▸ **What the task asks**: Line by line, retype the material exactly and leave each picture out.

Data excerpt START

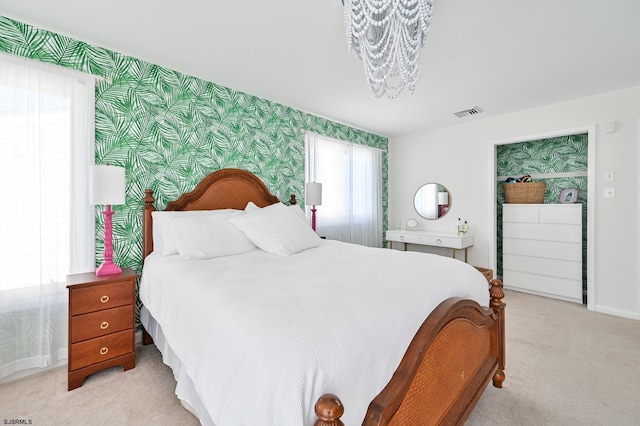 289 40th St Unit B, Brigantine, NJ 08203 - bedroom with wallpapered walls, light colored carpet, a chandelier, and baseboards
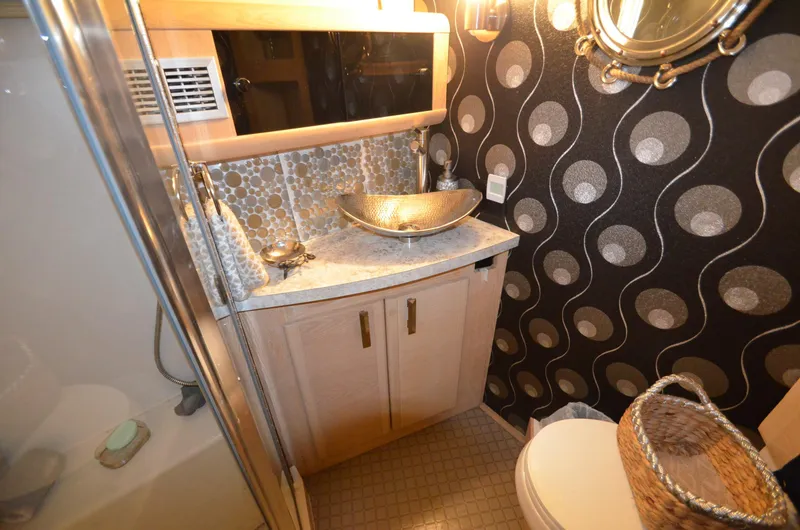 Slide: The Image of 1989 Silverton Aft Cabin 46 bathroom with modern sink, patterned wallpaper, and shower. - 23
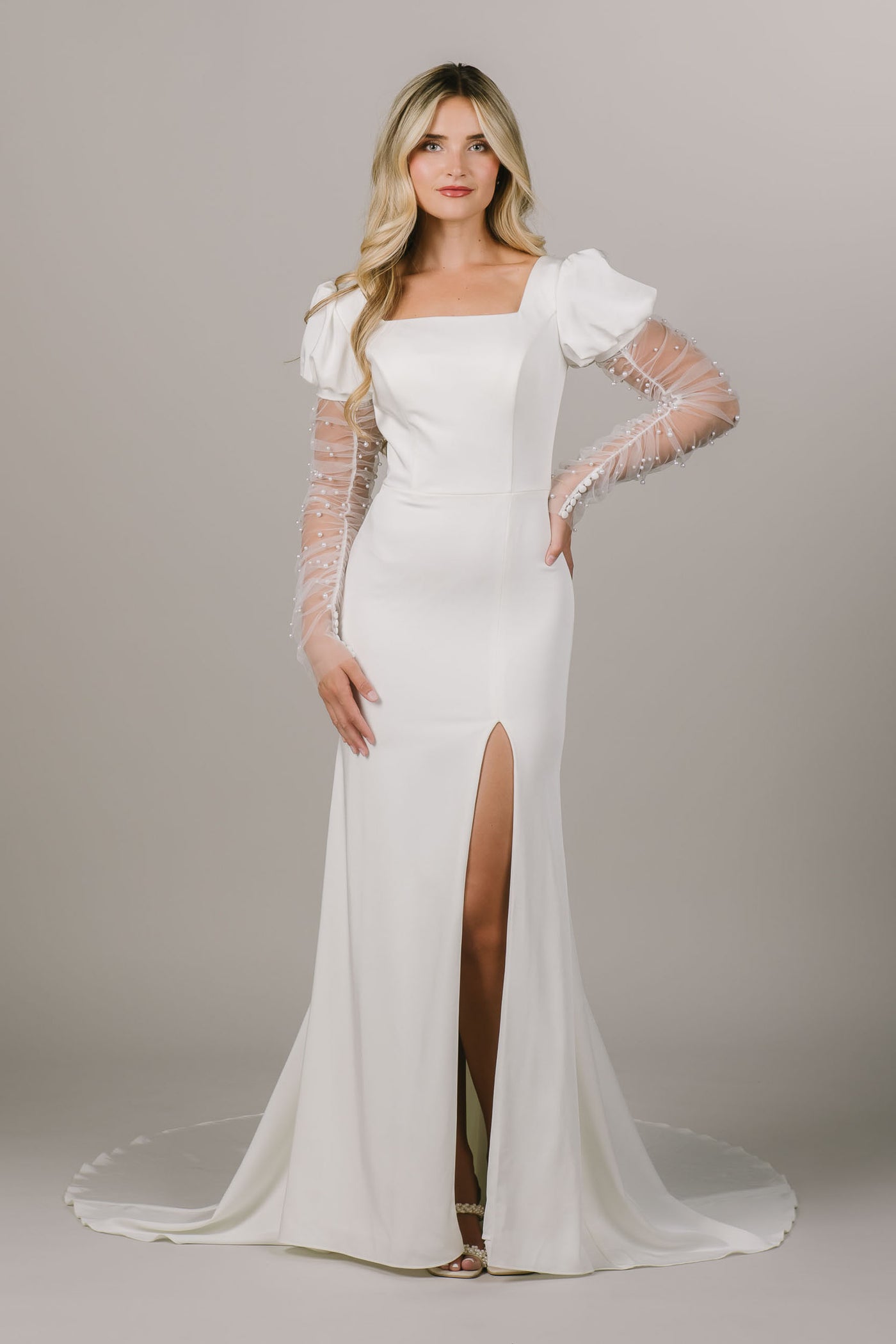 This is an alternate front shot of a modest wedding dress with a puff sleeve and detachable pearl sheer sleeves. There is also a slit in the leg leg.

Data excerpt END

▸ **Response to this exercise**:
 289 40th St Unit B, Brigantine, NJ 08203 - bedroom with wallpapered walls, light colored carpet, a chandelier, and baseboards
 Slide: The Image of 1989 Silverton Aft Cabin 46 bathroom with modern sink, patterned wallpaper, and shower. - 23
 This is an alternate front shot of a modest wedding dress with a puff sleeve and detachable pearl sheer sleeves. There is also a slit in the leg leg.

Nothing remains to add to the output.